What is needed
Repeat every entry word for word. Images do not belong in the copy.
*** Opening of Records for this exercise ***
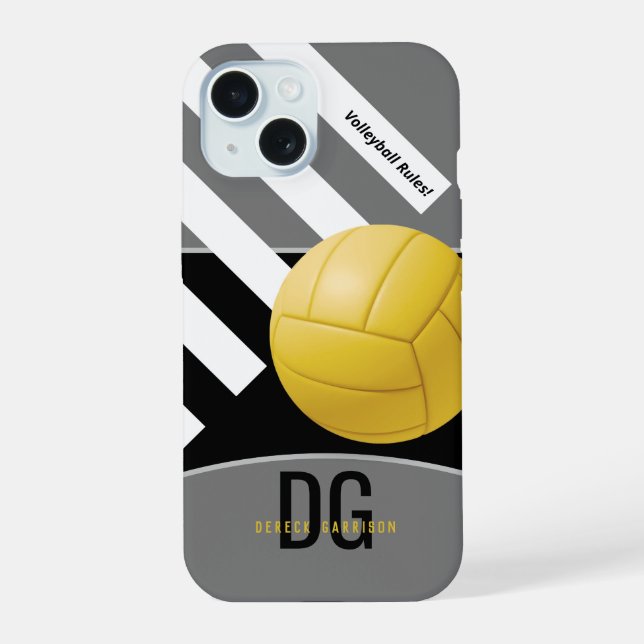Volleyball Rules | Initials Iphone Case (Back)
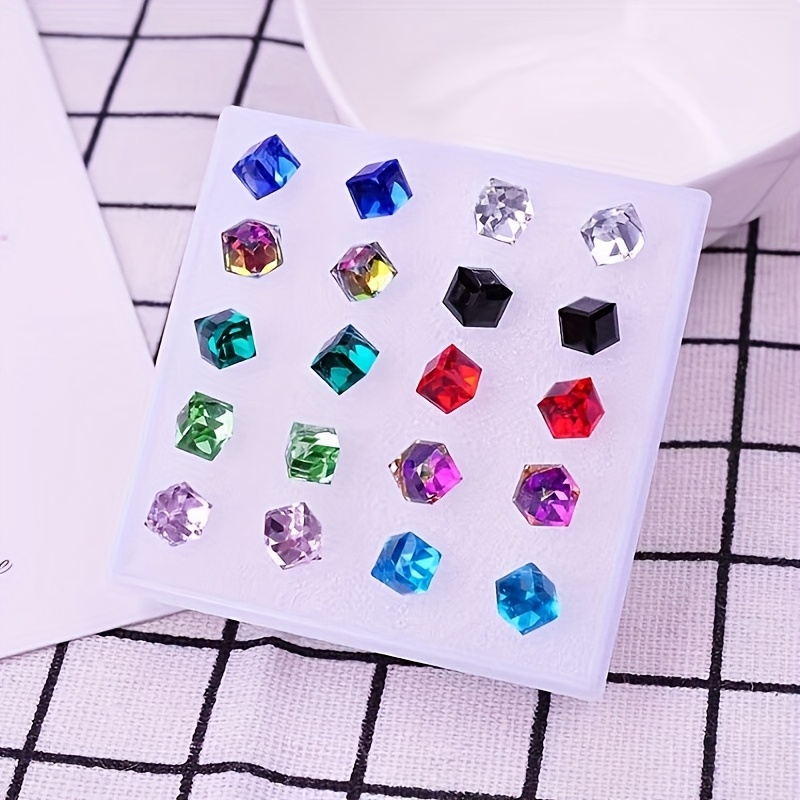 

20pcs Elegant Synthetic Square Rhinestone Stud Earrings, Resin Needle, For Daily & Festival Wear, With Elegant Jewelry Collection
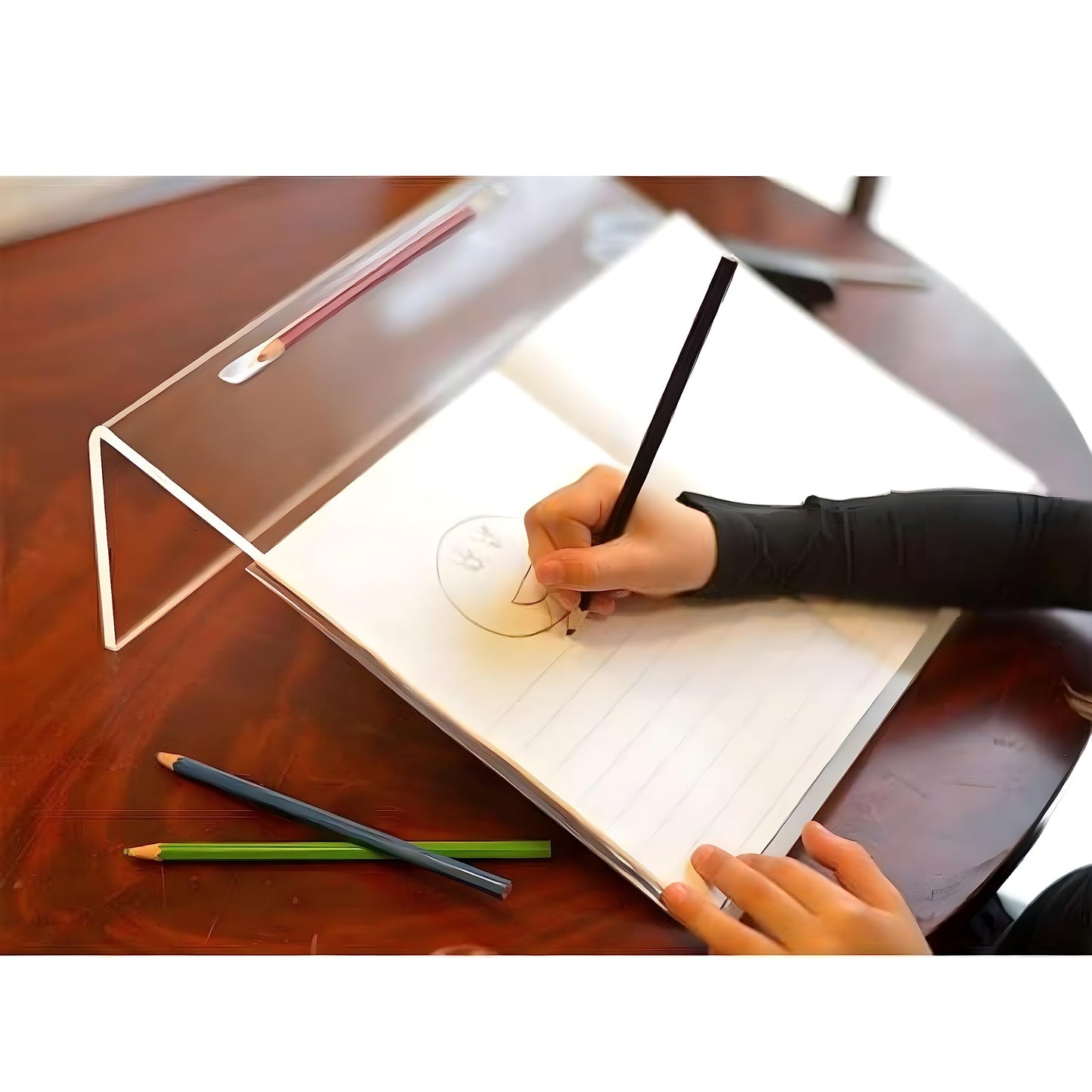 Playlearn Slant Board for Writing – Acrylic, Anti-Slip, Pen Holder - Extra Wide Writing Slope for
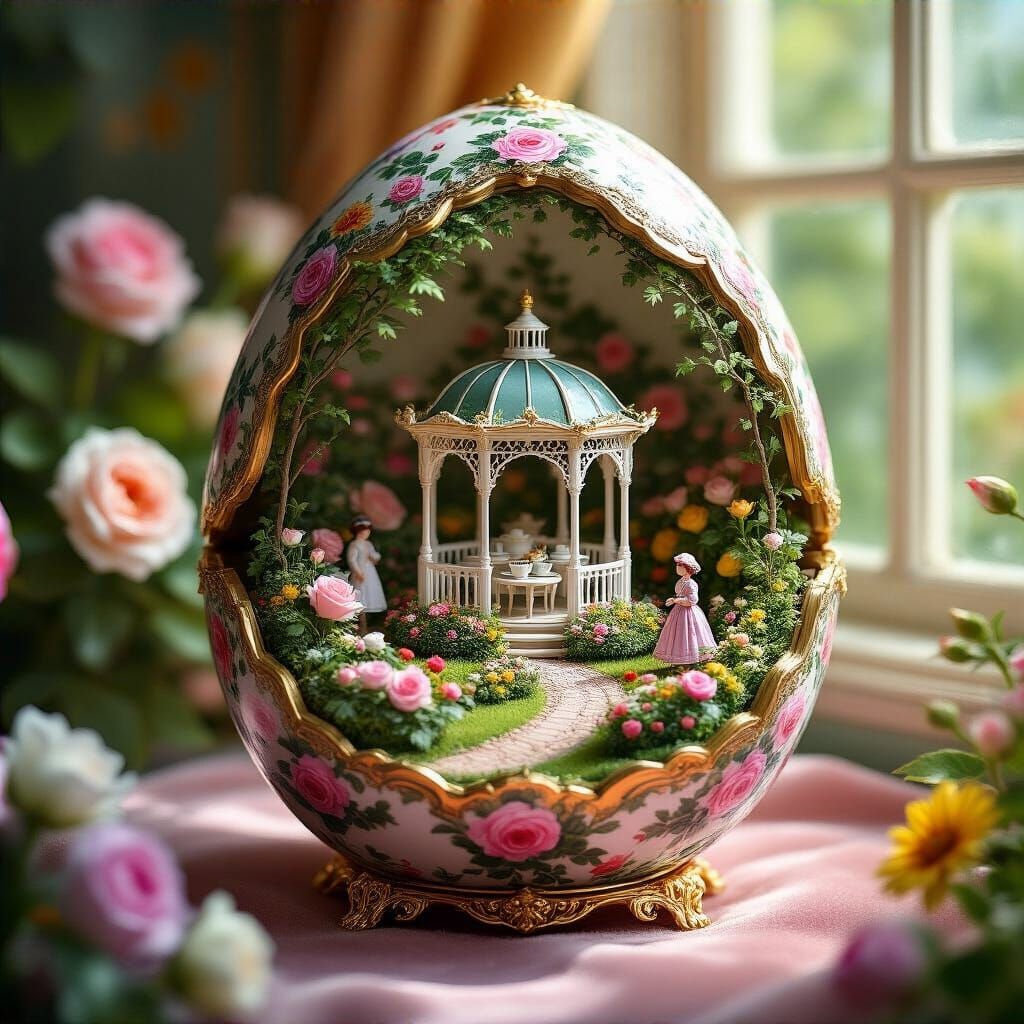 Miniature English Garden in Fabergé Egg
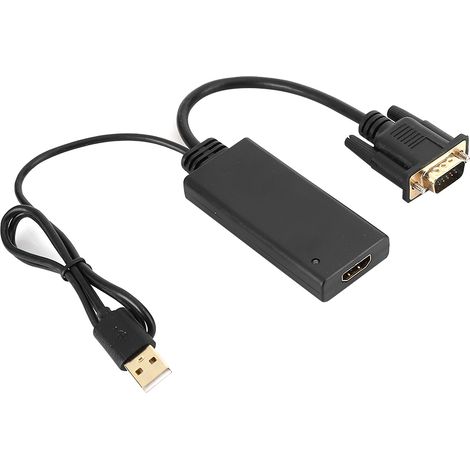 Convertisseur VGA vers HDMI Noir ABS avec Audio et Alimentation USB pour PC Ordinateur Portable DVD (1/5)
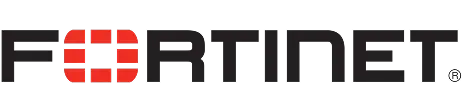 Fortinet Brand logo featuring red rounded-square shapes on a dark, nearly black background.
*** Close of Records for this exercise ***
Answer to this task
Volleyball Rules | Initials Iphone Case (Back)

20pcs Elegant Synthetic Square Rhinestone Stud Earrings, Resin Needle, For Daily & Festival Wear, With Elegant Jewelry Collection
 Playlearn Slant Board for Writing – Acrylic, Anti-Slip, Pen Holder - Extra Wide Writing Slope for
 Miniature English Garden in Fabergé Egg
 Convertisseur VGA vers HDMI Noir ABS avec Audio et Alimentation USB pour PC Ordinateur Portable DVD (1/5)
 Fortinet Brand logo featuring red rounded-square shapes on a dark, nearly black background.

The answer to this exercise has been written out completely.